**Task description**:
Word for word, restate the line containing "2026 Toyota Grand Highlander Hybrid Limited" and all the lines that come after it in the entries below. Include nothing from before it.

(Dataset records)
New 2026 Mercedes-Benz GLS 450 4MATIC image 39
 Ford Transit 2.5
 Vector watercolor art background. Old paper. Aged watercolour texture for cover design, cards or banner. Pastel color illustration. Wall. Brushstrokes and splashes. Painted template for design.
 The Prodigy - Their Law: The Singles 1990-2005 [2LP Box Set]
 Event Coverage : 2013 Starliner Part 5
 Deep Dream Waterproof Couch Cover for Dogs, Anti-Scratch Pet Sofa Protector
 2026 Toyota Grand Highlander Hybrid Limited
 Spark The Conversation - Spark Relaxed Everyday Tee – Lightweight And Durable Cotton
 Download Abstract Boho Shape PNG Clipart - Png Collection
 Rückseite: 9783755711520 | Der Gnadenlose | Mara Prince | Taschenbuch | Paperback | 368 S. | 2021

**Answer to the problem**:
 2026 Toyota Grand Highlander Hybrid Limited
 Spark The Conversation - Spark Relaxed Everyday Tee – Lightweight And Durable Cotton
 Download Abstract Boho Shape PNG Clipart - Png Collection
 Rückseite: 9783755711520 | Der Gnadenlose | Mara Prince | Taschenbuch | Paperback | 368 S. | 2021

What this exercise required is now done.